- Map of the National Highway in red

Route information
- Length: 391.3 km (243.1 mi)

Major junctions
- North end: Kattipudi, Andhra Pradesh
- List NH 16 at Kathipudi; NH 165 at Palakollu; NH 65 at Machilipatnam; NH 16 at Ongole ;
- South end: Ongole, Andhra Pradesh

Location
- Country: India
- States: Andhra Pradesh
- Primary destinations: Kakinada, Yanam, Amalapuram, Razole, Palakollu, Narasapuram, Bantumilli, Machilipatnam, Repalle, Cherukupalle, Bapatla, Chirala

Highway system
- Roads in India; Expressways; National; State; Asian;
| ← NH 16 |  | → NH 216 |

= National Highway 216 (India) =

National highway in India

National Highway 216 (NH 216) (previously: NH 214 and NH 214A) is a National Highway in the Indian state of Andhra Pradesh. The former highways of NH 214 and 214A were merged and renumbered as NH 216. It starts from NH 16 junction at Kattipudi and passes through Kakinada, Amalapuram, Digamarru (Palakollu), Narasapuram, Bantumilli, Machilipatnam, Repalle, Cherukupalle, Bapatla, Chirala before it junctions NH 16 again at Ongole. Visakhapatnam–Kakinada Petro Chemical Corridor, is a proposed project along the highway.

== Route ==

The highway has a total route length of 391.3 km. It passes through the districts of Kakinada, Konaseema, East Godavari, West Godavari, Krishna, Bapatla and Prakasam of Andhra Pradesh.

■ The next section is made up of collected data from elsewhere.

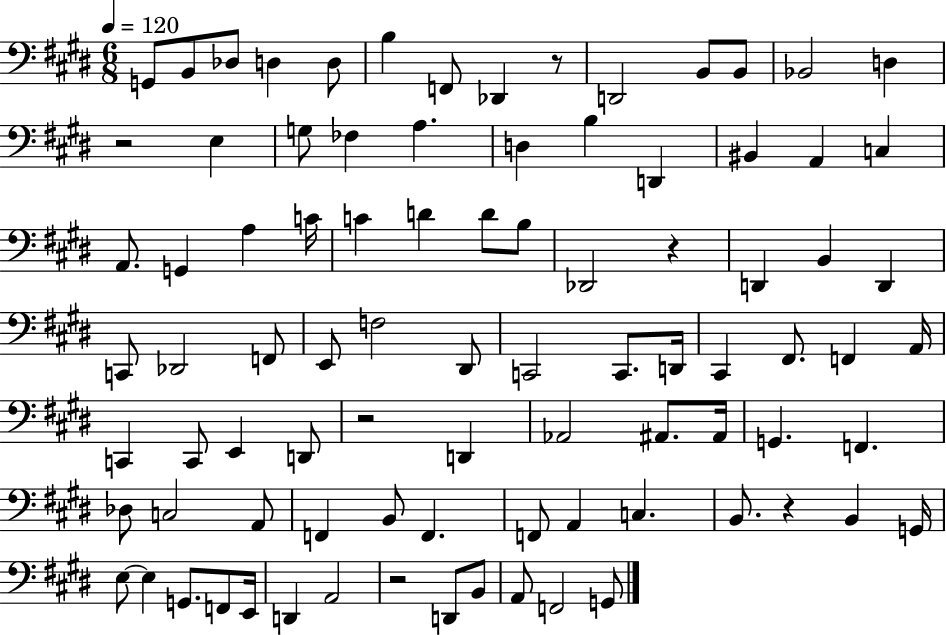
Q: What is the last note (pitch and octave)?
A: G2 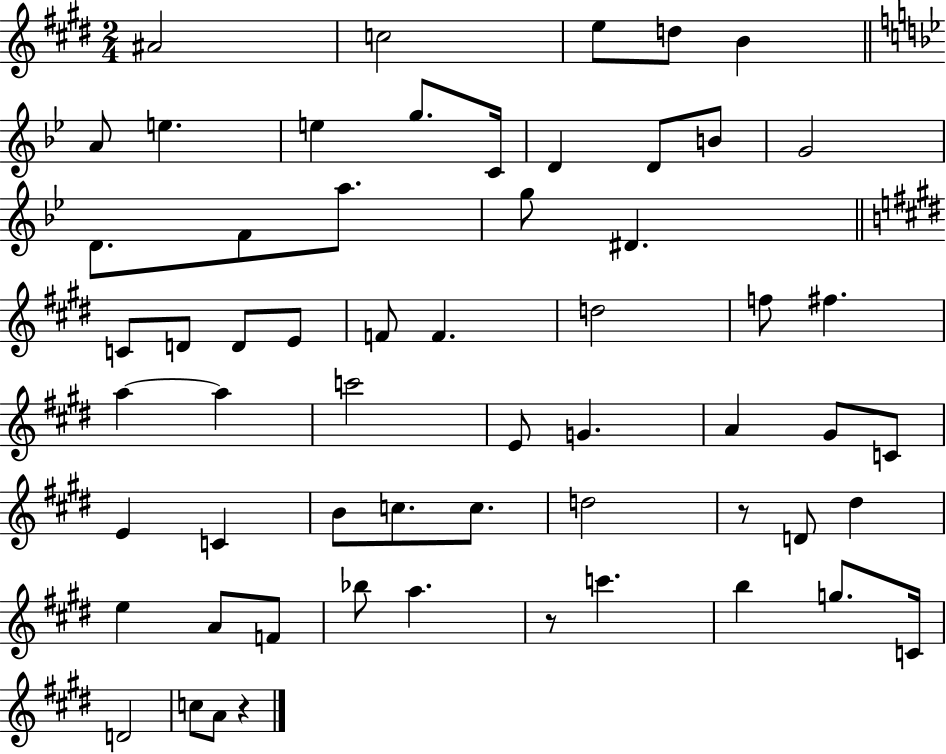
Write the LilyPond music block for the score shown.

{
  \clef treble
  \numericTimeSignature
  \time 2/4
  \key e \major
  ais'2 | c''2 | e''8 d''8 b'4 | \bar "||" \break \key bes \major a'8 e''4. | e''4 g''8. c'16 | d'4 d'8 b'8 | g'2 | \break d'8. f'8 a''8. | g''8 dis'4. | \bar "||" \break \key e \major c'8 d'8 d'8 e'8 | f'8 f'4. | d''2 | f''8 fis''4. | \break a''4~~ a''4 | c'''2 | e'8 g'4. | a'4 gis'8 c'8 | \break e'4 c'4 | b'8 c''8. c''8. | d''2 | r8 d'8 dis''4 | \break e''4 a'8 f'8 | bes''8 a''4. | r8 c'''4. | b''4 g''8. c'16 | \break d'2 | c''8 a'8 r4 | \bar "|."
} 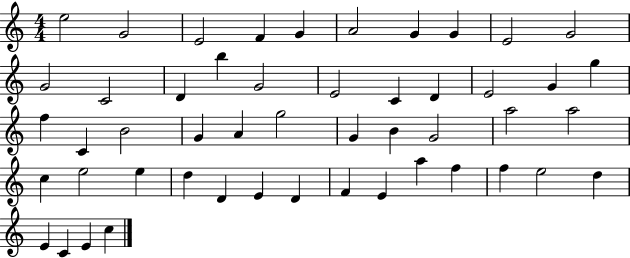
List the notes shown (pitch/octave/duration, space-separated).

E5/h G4/h E4/h F4/q G4/q A4/h G4/q G4/q E4/h G4/h G4/h C4/h D4/q B5/q G4/h E4/h C4/q D4/q E4/h G4/q G5/q F5/q C4/q B4/h G4/q A4/q G5/h G4/q B4/q G4/h A5/h A5/h C5/q E5/h E5/q D5/q D4/q E4/q D4/q F4/q E4/q A5/q F5/q F5/q E5/h D5/q E4/q C4/q E4/q C5/q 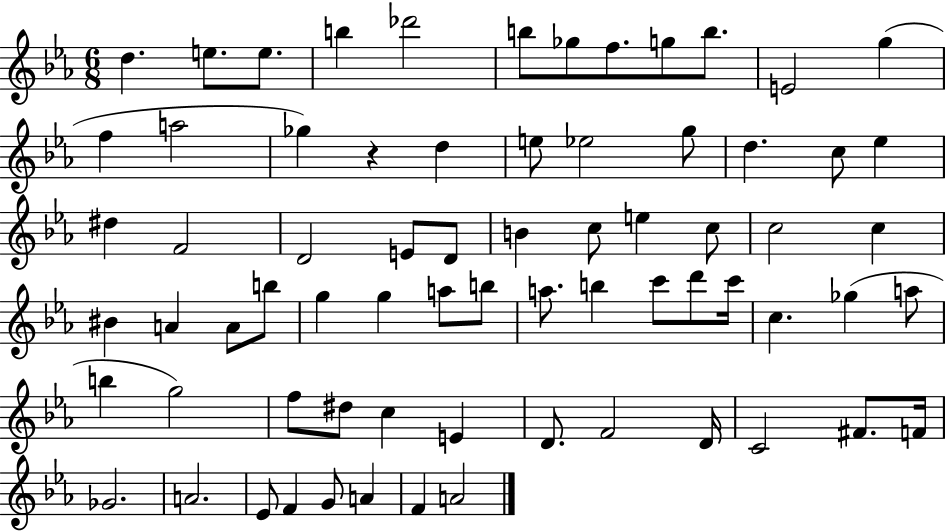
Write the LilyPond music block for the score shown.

{
  \clef treble
  \numericTimeSignature
  \time 6/8
  \key ees \major
  d''4. e''8. e''8. | b''4 des'''2 | b''8 ges''8 f''8. g''8 b''8. | e'2 g''4( | \break f''4 a''2 | ges''4) r4 d''4 | e''8 ees''2 g''8 | d''4. c''8 ees''4 | \break dis''4 f'2 | d'2 e'8 d'8 | b'4 c''8 e''4 c''8 | c''2 c''4 | \break bis'4 a'4 a'8 b''8 | g''4 g''4 a''8 b''8 | a''8. b''4 c'''8 d'''8 c'''16 | c''4. ges''4( a''8 | \break b''4 g''2) | f''8 dis''8 c''4 e'4 | d'8. f'2 d'16 | c'2 fis'8. f'16 | \break ges'2. | a'2. | ees'8 f'4 g'8 a'4 | f'4 a'2 | \break \bar "|."
} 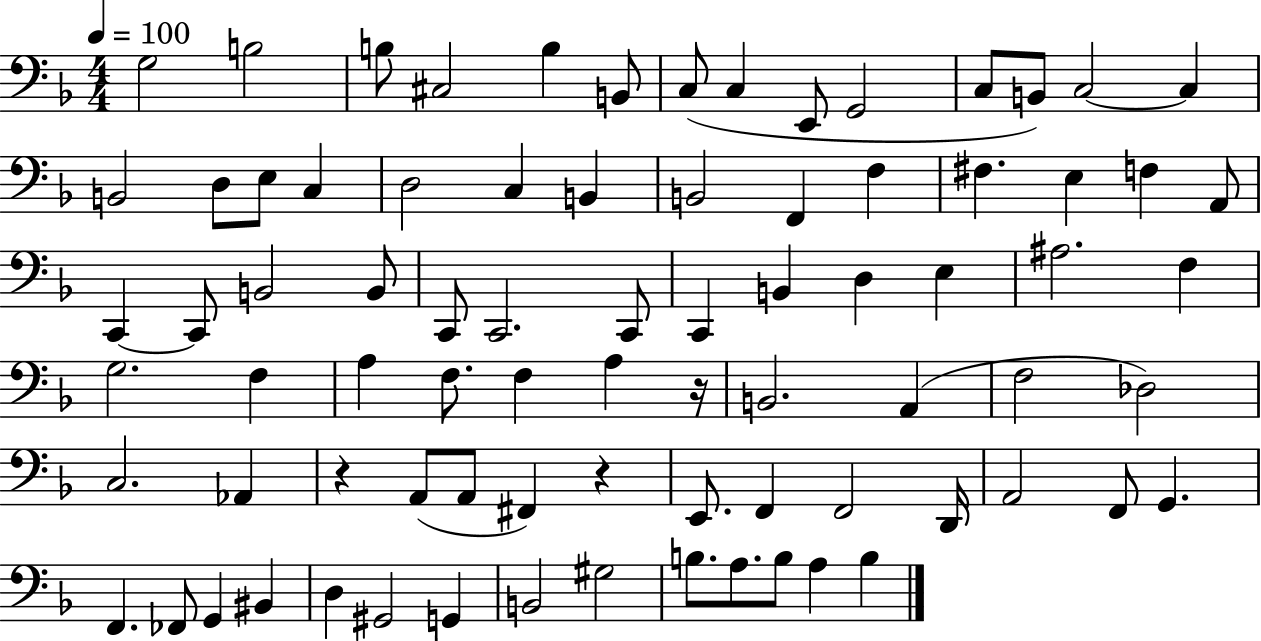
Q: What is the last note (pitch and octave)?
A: B3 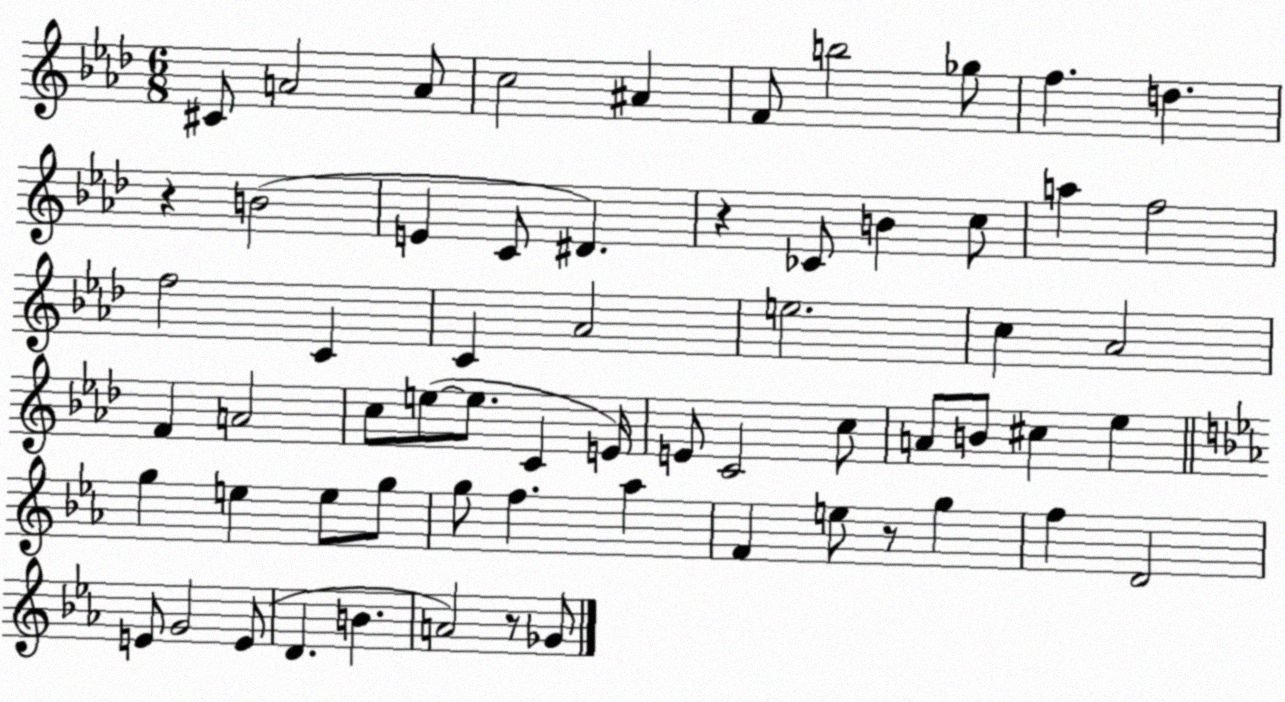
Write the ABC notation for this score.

National Highway 216 starts from NH16 at Kathipudi village and it passes through towns and cities like Gollaprolu, Pithapuram, Kakinada, Yanam, Mummidivaram, Amalapuram, Razole, Digamarru (Palakollu), Narsapuram, Bantumilli, Pedana, Machilipatnam, Repalle, Cherukupalle, Bapatla, Chirala and connects with NH 16 at Ongole.

== Project details ==
The National Highway-216 stretches from Kathipudi in East Godavari to Ongole in Prakasam district, covering a distance of 456 kilometers along the seacoast and passing through West Godavari, Krishna, and Guntur districts. This highway is considered a boon for the transport needs of these regions. It begins at Kathipudi, intersects NH-16 between Visakhapatnam and Rajamahendravaram, and reconnects to NH-16 at Ongole after traversing the five coastal districts.

As far as East Godavari is concerned, the NH passes from Kathipudi to Kakinada and from there to Yanam(Union Territory), Amalapuram, Bodasakurru and Chinchinada (Palakollu) to Narasapuram in West Godavari. From there it passes through Bantumilli, Machilipatnam, Odalarevu in Guntur district and there to Ongole in Prakasam district.

As far as the road development is concerned, the stretch between Kathipudi and Kakinada for a distance of about 38 kilometres has been widened as four-lane road of 10 metres each stretch. From Kakinada suburbs a bypass road is under progress from Atchampeta in Kakinada rural to Uppalankamondi in Karapa mandal for a distance of about 20 kilometres touching Madhavapatnam, Kovvada, Turangi villages in Kakinada rural, Chollangi village and from there to culvert at Uppalam Kamondi with ROB near Sarpavaram junction railway station with an estimated cost of Rs 150 crore.

As far the road widening is concerned, the process is going on in Amalapuram area as four- lane road. Besides this, the flyover at Bodasakurru near P Gannavaram is under progress. The NH 216 authorities are hoping to complete the four-lane road by last quarter of 2019 and the flyover works for both bypass roads at Kakinada rural and at Bodasakurru by 2020-end.

NH 216 will benefit immensely for the people of these parts for transportation of agriculture produce, fish products and industrial produces. This region needs the highway as there is no rail connectivity to Konaseema region in East Godavari.